*** Opening DATA FOR PROCESSING ***

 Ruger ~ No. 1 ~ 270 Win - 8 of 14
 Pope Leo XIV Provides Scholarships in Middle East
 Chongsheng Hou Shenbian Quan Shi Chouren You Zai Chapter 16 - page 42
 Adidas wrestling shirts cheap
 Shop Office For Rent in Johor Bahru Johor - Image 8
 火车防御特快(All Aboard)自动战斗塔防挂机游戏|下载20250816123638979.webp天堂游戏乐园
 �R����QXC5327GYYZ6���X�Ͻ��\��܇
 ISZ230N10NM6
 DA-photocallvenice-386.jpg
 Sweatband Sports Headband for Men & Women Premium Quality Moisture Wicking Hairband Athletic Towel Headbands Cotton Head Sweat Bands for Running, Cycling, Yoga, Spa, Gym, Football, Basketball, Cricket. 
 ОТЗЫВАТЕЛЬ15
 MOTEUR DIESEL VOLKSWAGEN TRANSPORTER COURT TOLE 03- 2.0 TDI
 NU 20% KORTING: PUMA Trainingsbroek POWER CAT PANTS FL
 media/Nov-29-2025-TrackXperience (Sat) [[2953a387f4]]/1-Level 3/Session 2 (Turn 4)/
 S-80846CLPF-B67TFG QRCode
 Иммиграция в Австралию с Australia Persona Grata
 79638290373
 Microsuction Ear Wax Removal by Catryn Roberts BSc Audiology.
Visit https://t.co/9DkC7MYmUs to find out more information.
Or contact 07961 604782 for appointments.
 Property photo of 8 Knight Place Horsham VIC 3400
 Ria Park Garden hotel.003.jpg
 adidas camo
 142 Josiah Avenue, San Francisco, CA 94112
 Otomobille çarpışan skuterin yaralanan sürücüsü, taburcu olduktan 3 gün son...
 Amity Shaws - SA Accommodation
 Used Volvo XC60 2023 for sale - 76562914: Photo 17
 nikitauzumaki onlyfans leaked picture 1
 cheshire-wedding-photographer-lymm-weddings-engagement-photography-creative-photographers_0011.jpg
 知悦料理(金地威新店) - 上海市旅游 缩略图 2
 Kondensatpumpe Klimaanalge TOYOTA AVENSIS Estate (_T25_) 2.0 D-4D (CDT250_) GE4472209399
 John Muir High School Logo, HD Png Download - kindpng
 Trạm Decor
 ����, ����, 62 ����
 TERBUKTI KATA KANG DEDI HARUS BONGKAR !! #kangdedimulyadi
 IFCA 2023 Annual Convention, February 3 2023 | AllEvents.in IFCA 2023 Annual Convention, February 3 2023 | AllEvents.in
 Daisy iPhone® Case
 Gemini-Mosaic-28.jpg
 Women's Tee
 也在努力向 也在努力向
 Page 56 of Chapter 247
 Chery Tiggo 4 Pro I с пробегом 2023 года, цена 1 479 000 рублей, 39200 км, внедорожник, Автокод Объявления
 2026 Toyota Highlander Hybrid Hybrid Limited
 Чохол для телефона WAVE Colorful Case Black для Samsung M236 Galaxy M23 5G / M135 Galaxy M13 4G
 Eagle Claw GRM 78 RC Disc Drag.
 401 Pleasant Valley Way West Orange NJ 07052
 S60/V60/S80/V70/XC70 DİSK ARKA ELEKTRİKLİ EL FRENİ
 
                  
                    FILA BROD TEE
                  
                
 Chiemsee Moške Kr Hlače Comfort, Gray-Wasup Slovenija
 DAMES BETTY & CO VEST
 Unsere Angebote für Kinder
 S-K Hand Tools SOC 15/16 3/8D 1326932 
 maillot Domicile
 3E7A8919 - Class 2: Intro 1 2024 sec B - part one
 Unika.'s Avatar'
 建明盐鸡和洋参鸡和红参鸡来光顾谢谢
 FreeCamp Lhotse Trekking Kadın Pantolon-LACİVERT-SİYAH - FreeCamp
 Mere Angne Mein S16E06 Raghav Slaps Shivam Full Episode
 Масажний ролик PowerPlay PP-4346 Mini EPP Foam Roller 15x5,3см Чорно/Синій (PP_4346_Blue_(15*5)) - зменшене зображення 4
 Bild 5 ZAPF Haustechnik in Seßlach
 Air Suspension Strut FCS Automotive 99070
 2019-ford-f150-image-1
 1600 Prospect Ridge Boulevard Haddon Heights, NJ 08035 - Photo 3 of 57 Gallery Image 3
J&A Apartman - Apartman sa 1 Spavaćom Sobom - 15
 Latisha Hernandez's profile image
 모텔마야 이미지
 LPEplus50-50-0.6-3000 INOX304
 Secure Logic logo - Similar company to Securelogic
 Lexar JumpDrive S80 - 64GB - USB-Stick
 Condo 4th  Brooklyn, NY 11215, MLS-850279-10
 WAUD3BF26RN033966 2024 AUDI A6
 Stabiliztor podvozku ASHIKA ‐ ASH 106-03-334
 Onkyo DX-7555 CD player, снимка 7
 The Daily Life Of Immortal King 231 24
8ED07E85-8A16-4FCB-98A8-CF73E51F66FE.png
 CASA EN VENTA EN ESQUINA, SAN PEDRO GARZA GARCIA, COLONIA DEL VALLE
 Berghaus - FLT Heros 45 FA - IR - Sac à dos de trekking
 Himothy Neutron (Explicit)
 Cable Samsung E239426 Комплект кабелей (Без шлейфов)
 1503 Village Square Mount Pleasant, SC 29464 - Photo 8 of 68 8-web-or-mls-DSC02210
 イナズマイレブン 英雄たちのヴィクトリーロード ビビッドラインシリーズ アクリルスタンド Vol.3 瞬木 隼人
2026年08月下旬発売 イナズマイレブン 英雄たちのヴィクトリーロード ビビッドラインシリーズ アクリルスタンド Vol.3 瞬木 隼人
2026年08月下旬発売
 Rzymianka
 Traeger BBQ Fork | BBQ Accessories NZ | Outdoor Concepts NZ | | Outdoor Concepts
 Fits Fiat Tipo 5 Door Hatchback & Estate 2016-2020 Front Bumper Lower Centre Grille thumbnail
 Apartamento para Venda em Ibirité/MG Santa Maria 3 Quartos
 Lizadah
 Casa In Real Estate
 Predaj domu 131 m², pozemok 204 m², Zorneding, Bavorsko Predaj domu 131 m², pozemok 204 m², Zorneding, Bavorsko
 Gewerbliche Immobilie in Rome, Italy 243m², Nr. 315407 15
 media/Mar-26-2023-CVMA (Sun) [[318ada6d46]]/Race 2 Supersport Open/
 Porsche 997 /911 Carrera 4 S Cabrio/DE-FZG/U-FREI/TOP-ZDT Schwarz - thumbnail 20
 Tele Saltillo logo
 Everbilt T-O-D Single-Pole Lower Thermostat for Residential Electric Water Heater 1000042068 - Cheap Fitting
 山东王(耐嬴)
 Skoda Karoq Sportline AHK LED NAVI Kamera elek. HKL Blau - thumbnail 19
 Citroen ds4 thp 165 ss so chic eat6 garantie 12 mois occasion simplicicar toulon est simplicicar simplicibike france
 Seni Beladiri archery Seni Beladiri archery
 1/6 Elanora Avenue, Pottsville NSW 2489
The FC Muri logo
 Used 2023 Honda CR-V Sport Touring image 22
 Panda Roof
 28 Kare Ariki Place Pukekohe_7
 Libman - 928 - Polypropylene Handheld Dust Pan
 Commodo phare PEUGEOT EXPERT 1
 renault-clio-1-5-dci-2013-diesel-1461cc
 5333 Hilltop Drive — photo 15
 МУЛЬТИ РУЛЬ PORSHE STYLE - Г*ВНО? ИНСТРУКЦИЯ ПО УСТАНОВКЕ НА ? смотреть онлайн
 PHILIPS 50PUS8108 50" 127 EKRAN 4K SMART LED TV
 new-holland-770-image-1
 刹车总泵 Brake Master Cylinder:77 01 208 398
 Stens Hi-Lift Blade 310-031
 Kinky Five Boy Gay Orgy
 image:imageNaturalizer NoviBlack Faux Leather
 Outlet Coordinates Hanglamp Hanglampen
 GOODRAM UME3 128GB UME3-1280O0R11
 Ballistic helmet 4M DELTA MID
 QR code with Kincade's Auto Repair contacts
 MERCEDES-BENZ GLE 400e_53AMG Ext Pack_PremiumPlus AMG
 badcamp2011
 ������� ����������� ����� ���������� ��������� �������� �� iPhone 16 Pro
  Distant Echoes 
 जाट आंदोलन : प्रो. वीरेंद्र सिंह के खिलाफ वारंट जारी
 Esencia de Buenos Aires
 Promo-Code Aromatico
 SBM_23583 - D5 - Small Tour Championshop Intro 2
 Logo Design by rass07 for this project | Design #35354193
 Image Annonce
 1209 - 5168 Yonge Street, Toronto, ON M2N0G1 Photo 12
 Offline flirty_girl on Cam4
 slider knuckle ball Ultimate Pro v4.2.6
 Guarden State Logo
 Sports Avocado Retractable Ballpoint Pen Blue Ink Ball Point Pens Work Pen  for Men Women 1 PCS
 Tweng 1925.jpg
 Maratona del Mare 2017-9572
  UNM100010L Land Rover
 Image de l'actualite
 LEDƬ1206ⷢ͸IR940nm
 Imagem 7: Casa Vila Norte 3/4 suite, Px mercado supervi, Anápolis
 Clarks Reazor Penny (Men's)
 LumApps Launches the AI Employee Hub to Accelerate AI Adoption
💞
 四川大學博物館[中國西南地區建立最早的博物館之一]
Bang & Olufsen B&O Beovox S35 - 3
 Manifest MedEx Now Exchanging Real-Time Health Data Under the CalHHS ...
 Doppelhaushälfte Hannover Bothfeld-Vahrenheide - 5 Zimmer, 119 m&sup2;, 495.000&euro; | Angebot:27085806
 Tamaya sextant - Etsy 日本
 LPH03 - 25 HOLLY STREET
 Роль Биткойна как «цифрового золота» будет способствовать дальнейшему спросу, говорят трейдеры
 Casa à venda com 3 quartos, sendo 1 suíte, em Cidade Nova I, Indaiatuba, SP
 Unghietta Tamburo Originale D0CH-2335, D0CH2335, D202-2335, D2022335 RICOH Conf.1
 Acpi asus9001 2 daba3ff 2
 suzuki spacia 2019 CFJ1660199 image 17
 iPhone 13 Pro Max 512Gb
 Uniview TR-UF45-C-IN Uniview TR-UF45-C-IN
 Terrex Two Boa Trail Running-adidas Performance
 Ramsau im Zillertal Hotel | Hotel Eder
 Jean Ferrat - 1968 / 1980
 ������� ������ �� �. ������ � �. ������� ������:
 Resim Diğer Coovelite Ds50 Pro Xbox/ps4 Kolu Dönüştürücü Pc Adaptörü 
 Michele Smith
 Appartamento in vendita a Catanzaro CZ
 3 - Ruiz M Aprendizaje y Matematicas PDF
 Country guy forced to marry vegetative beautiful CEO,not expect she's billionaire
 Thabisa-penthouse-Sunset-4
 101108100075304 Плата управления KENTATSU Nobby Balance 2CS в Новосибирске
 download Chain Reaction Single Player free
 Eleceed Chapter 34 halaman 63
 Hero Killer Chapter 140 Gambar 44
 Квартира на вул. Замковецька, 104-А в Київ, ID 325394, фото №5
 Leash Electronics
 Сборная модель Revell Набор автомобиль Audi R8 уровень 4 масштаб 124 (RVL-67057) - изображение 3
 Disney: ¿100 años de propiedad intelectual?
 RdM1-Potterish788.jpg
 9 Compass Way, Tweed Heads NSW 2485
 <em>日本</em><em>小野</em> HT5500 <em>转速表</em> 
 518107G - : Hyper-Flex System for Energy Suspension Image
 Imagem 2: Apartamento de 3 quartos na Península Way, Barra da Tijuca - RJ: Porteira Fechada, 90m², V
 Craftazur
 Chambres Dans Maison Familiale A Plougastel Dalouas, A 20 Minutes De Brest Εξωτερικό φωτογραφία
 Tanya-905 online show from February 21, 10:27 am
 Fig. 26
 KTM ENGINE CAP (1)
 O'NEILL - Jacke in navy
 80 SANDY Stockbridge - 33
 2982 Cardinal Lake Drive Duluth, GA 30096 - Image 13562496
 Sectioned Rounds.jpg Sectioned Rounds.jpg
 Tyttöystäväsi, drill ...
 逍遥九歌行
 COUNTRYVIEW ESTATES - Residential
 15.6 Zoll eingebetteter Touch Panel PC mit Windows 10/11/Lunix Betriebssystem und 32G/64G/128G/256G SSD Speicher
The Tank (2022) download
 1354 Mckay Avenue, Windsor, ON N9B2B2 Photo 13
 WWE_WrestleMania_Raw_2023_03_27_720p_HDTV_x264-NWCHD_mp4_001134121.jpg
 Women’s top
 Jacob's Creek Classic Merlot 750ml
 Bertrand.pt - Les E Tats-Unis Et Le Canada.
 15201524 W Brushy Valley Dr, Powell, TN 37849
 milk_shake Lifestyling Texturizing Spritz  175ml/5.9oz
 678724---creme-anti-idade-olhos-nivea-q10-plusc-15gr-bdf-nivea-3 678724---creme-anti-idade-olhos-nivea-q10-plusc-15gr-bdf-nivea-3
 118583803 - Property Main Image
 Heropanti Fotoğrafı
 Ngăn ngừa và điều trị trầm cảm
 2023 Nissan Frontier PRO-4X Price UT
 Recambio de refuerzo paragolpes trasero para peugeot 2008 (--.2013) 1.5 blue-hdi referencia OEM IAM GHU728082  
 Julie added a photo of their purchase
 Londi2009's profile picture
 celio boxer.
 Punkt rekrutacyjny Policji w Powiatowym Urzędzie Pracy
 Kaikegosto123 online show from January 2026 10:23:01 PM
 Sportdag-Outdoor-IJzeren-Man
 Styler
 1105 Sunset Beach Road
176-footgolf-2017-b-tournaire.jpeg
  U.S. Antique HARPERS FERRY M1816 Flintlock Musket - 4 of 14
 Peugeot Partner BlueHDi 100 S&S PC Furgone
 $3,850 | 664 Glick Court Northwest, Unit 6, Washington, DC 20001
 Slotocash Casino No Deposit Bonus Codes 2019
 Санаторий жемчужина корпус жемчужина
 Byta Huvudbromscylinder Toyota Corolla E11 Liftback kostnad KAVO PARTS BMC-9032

*** Closing DATA FOR PROCESSING ***

▶ [YOUR ASSIGNMENT] Take the lines above from the one containing "Traeger BBQ Fork" to the one containing "SBM_23583 - D5" and retype them exactly, both ends included, with nothing added.

▶ [RESPONSE TO THE TASK]
 Traeger BBQ Fork | BBQ Accessories NZ | Outdoor Concepts NZ | | Outdoor Concepts
 Fits Fiat Tipo 5 Door Hatchback & Estate 2016-2020 Front Bumper Lower Centre Grille thumbnail
 Apartamento para Venda em Ibirité/MG Santa Maria 3 Quartos
 Lizadah
 Casa In Real Estate
 Predaj domu 131 m², pozemok 204 m², Zorneding, Bavorsko Predaj domu 131 m², pozemok 204 m², Zorneding, Bavorsko
 Gewerbliche Immobilie in Rome, Italy 243m², Nr. 315407 15
 media/Mar-26-2023-CVMA (Sun) [[318ada6d46]]/Race 2 Supersport Open/
 Porsche 997 /911 Carrera 4 S Cabrio/DE-FZG/U-FREI/TOP-ZDT Schwarz - thumbnail 20
 Tele Saltillo logo
 Everbilt T-O-D Single-Pole Lower Thermostat for Residential Electric Water Heater 1000042068 - Cheap Fitting
 山东王(耐嬴)
 Skoda Karoq Sportline AHK LED NAVI Kamera elek. HKL Blau - thumbnail 19
 Citroen ds4 thp 165 ss so chic eat6 garantie 12 mois occasion simplicicar toulon est simplicicar simplicibike france
 Seni Beladiri archery Seni Beladiri archery
 1/6 Elanora Avenue, Pottsville NSW 2489
The FC Muri logo
 Used 2023 Honda CR-V Sport Touring image 22
 Panda Roof
 28 Kare Ariki Place Pukekohe_7
 Libman - 928 - Polypropylene Handheld Dust Pan
 Commodo phare PEUGEOT EXPERT 1
 renault-clio-1-5-dci-2013-diesel-1461cc
 5333 Hilltop Drive — photo 15
 МУЛЬТИ РУЛЬ PORSHE STYLE - Г*ВНО? ИНСТРУКЦИЯ ПО УСТАНОВКЕ НА ? смотреть онлайн
 PHILIPS 50PUS8108 50" 127 EKRAN 4K SMART LED TV
 new-holland-770-image-1
 刹车总泵 Brake Master Cylinder:77 01 208 398
 Stens Hi-Lift Blade 310-031
 Kinky Five Boy Gay Orgy
 image:imageNaturalizer NoviBlack Faux Leather
 Outlet Coordinates Hanglamp Hanglampen
 GOODRAM UME3 128GB UME3-1280O0R11
 Ballistic helmet 4M DELTA MID
 QR code with Kincade's Auto Repair contacts
 MERCEDES-BENZ GLE 400e_53AMG Ext Pack_PremiumPlus AMG
 badcamp2011
 ������� ����������� ����� ���������� ��������� �������� �� iPhone 16 Pro
  Distant Echoes 
 जाट आंदोलन : प्रो. वीरेंद्र सिंह के खिलाफ वारंट जारी
 Esencia de Buenos Aires
 Promo-Code Aromatico
 SBM_23583 - D5 - Small Tour Championshop Intro 2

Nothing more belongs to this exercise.